My teenage years were filled with short stories and poetry that will NEVER see the light of day. They are safely tucked away in my TrapperKeeper (those who get it, get it), and their confinement is by no means a sign of my embarrassment. Those angst-ridden lyrical poems were an ode to the Romantics I was slowly becoming obsessed with —or the authors I wanted to emulate. They are a love letter to The Lady of Shalott, The Vampire Chronicles, and every sad song I was listening to on repeat. Writing constantly during my adolescence may have negatively affected my math grade (sorry, Maman), but it set the foundation for the voice I would use as an author.

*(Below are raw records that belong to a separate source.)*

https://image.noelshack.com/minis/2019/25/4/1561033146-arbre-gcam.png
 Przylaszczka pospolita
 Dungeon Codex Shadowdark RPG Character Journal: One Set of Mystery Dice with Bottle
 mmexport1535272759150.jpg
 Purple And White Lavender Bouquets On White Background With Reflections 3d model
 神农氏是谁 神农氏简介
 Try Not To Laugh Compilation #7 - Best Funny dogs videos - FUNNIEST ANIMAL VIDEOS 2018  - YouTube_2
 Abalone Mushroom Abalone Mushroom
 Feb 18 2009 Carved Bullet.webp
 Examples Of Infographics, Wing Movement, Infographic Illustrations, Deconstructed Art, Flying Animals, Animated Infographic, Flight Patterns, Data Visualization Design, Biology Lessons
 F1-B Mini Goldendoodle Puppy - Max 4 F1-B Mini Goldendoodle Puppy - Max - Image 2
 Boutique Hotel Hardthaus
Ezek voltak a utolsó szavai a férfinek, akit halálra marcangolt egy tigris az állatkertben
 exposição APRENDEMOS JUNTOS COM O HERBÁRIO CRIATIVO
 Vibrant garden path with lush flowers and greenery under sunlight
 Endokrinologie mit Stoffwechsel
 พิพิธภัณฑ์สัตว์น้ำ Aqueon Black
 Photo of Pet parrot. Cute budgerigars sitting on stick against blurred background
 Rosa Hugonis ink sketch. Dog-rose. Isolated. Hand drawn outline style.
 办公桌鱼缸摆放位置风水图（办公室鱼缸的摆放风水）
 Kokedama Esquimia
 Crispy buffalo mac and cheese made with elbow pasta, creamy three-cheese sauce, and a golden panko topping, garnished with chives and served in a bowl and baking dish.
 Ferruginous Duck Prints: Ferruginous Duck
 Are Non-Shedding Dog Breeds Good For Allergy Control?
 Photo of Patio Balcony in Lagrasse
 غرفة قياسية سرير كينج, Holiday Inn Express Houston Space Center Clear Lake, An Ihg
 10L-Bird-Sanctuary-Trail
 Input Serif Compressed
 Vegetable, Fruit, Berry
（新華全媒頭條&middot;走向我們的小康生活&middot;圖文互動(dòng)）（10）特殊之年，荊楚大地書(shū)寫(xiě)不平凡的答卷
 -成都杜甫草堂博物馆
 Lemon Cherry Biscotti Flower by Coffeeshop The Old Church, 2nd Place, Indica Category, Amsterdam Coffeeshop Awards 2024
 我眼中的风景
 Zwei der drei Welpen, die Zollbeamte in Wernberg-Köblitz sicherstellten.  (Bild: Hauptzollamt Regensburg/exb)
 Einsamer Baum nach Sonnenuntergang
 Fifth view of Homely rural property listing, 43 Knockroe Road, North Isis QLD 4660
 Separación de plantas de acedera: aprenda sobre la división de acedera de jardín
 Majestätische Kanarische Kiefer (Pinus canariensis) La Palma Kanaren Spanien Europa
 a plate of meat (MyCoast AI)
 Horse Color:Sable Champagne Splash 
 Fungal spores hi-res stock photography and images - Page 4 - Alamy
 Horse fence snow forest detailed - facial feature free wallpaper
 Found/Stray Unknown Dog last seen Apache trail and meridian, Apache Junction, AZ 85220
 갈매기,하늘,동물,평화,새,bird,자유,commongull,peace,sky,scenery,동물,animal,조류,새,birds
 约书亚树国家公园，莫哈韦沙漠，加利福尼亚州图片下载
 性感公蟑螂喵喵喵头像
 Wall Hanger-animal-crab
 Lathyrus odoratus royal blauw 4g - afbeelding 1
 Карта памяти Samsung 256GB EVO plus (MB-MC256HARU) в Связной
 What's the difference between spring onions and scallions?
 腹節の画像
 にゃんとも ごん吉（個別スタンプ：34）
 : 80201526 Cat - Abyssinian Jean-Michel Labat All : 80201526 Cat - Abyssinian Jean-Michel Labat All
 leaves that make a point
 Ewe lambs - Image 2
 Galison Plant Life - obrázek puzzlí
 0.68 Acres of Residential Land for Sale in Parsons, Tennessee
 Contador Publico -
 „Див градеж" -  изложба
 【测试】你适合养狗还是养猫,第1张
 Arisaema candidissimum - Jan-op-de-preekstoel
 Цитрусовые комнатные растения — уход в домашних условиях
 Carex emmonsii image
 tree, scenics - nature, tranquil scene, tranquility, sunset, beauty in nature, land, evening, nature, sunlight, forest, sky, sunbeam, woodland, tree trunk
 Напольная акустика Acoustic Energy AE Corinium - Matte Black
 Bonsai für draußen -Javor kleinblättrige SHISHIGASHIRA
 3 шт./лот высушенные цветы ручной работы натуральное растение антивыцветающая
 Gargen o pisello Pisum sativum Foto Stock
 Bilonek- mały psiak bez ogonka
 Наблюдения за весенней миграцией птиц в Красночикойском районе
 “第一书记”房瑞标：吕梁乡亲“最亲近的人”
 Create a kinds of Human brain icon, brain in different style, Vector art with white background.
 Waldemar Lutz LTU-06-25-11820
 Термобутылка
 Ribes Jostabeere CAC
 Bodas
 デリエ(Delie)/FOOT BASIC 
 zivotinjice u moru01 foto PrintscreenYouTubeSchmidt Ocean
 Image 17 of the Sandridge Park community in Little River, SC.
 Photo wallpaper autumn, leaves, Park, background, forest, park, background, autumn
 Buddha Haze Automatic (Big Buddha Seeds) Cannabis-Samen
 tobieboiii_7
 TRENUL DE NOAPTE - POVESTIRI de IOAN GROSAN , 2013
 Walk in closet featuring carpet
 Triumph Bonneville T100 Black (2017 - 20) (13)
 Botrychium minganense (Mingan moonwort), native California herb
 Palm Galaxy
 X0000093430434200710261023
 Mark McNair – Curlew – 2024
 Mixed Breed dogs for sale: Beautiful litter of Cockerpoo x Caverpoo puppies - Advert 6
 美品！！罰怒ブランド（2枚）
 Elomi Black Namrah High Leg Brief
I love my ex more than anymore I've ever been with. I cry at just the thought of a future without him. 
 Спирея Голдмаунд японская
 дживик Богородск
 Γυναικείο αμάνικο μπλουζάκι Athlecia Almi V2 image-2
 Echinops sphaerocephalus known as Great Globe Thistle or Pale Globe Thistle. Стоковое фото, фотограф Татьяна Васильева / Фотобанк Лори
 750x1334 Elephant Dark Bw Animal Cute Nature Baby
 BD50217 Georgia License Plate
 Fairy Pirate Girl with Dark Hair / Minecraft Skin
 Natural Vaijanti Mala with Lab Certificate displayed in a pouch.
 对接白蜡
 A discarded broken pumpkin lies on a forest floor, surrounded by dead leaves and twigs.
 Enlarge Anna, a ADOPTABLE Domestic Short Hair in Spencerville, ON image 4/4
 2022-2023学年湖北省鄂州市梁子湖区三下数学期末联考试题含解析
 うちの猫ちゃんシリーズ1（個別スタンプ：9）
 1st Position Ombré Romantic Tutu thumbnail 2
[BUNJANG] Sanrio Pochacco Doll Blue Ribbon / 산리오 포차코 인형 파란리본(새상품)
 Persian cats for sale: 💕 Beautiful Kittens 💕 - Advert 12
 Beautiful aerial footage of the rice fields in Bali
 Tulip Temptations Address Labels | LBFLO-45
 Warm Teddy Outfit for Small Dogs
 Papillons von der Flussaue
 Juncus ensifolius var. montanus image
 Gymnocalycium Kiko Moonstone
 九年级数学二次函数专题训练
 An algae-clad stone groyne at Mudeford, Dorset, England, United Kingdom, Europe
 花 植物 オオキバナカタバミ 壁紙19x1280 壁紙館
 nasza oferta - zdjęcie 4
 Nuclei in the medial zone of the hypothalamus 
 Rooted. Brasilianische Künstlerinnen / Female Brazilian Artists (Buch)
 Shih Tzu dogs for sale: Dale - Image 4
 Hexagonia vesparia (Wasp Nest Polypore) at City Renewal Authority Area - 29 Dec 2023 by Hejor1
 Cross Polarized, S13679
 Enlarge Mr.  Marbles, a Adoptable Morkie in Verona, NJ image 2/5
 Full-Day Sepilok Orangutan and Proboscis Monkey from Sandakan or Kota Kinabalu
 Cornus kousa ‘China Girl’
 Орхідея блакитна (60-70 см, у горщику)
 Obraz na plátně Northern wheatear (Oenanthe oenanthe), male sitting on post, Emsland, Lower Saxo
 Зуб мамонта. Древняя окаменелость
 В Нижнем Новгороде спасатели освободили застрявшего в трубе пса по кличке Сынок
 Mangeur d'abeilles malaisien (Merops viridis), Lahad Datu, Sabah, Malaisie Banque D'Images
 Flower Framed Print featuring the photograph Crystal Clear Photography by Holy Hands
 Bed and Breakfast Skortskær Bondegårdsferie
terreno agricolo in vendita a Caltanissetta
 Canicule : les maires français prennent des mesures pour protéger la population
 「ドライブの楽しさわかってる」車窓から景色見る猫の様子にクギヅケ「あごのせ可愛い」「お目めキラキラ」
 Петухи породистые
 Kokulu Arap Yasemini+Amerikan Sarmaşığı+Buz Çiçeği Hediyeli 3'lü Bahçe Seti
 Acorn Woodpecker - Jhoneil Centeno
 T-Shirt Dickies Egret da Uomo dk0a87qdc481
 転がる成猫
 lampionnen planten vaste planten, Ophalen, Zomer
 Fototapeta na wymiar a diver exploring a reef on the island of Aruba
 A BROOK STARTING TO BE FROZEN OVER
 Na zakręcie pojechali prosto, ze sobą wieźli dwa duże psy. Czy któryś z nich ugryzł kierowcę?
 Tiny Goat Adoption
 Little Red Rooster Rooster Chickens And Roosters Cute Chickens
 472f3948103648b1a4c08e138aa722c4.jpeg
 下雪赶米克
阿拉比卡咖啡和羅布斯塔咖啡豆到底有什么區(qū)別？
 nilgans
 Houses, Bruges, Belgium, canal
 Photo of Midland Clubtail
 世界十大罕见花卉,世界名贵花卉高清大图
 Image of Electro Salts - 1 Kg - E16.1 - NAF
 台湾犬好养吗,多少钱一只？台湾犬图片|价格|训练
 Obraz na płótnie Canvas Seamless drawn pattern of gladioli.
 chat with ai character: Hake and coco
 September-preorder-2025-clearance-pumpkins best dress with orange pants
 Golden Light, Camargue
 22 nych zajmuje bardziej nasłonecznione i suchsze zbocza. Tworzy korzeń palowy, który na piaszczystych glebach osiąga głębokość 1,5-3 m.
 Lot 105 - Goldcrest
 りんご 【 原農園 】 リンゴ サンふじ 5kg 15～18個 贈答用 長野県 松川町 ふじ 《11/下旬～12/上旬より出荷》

After my second child was born, I struggled with feelings of being trapped and limited in my life. Suddenly, there was only responsibility and the weight of my reality. There was no sign of the creative person I had been for most of my life, and I felt as though I had lost touch with the person I had been. So I started plotting a book while driving, while taking walks with my baby, and while spending hours tucked away in the house over the winter. I watched Mike Flanagan’s chef d’oeuvre, The Haunting of Hill House, and I created a family of women who became manifestations of me as a child, a teen, and as a lost mother. I published chapters of this book on Wattpad and sought feedback. My dad read the first draft. Then one day in May of 2021, I decided to share it with the world. This was The Bones of Our House.

This was the first of many novels. My sophomore release, The Queen is Dead, was born out of a desire to tell the story of a woman who had fascinated me since first reading Macbeth in grade eleven. I wanted to know what would lead a person to commit regicide and to take into herself the darkness presented in the play. More importantly, I wanted to give Lady Macbeth, Gruoch, her voice back. I wanted to tell her story without apologizing for it and without reducing her to the two-dimensional caricature of an evil woman the Bard left us with. I researched the historical figures and learned more about 11th-century Scotland than I ever planned to. I am infinitely proud of this novel, and I still consider it my soul book.

Currently, I have a dark academia love story titled The Arcane Education of Victor Bratten that is on submission with potential publishers. It is a gothic tale with an Orphean twist, an idea first kindled during my adolescent obsession with Mary Shelley and Greek mythology. It deals with blood magic, capitalist social systems, and the limits we will go to for those we love.

My fourth novel, The Furious Dreaming of Magdelen Buhr, is finally on submission as well! It is a folkloric, ecological horror story with hints of Wuthering Heights and eldritch gods.